Io era senza cravatta, scoperto il capo, ed aveva i panni sudici oltre ogni credere. Al vedermi ei disse:
Ella non è svizzero, bensì italiano, e pertinente a buona famiglia: sono vent'anni che sto nella sezione politica degli stranieri, e conosco a prima vista i tipi delle varie nazioni. L'impiegato, che le rilasciò la carta di sicurezza, è buono, fedele ed esatto, ma manca di esperienza: se vi fossi stato io, ella non mi avrebbe ingannato, e non si troverebbe forse qui: io conosco il suo casato; è inutile tacere la verità
.
Risposi che l'avrei detta. Quindi guardandomi fisamente, mi chiese se avevo biancheria, e me ne offerì: lo ringraziai dicendo, che i miei effetti stavano in mano delle guardie carcerarie. Gli richiesi di mettermi solo: pel che fece venire a sé l'ispettore della Polizei-Hause; non potei ottenerlo, perché contrario agli statuti carcerari. Mi ripeté che s'aspettava da me la esposizione del vero, e dipartissene. Egli era il capo della sezione politica degli stranieri.
Il giorno appresso, nello stesso locale, incominciarono gl'interrogatorî: l'impiegato, che mi aveva dato la carta di soggiorno in Vienna, faceva da segretario.
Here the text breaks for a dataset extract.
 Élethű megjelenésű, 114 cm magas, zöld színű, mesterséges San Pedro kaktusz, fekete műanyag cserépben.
N'ebbi tre lunghissimi: non riposando sopra questi la vera importanza de' fatti che sto narrando, ne riferisco solo la sostanza, per non andare in lungaggini del tutto inutili.
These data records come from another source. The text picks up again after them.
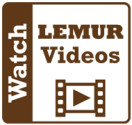 LEMUR videos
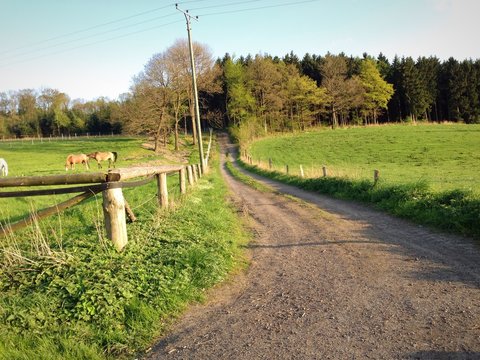 Der Feldweg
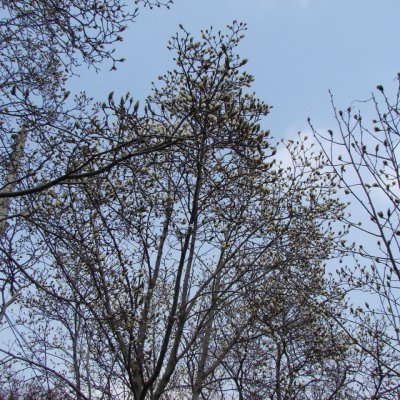등산동아리 활동 (2011년) 사진 35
Affermai non essere mai stato prigione, o a guisa di malfattore incatenato e trascinato sur un carro; dissi, che per onore de' miei vecchi genitori e per riguardo dovuto a me stesso, non voleva manifestare il mio vero nome; che per domestiche amarezze aveva lasciato la Toscana, mia patria, e m'era condotto con passaporto svizzero a prendere servizio nell'armata austriaca; che ove fossi venuto meno alle leggi dell'impero, mi si punisse come meglio piacesse; ove no, mi si lasciasse libero, o mi si facesse tradurre ai confini.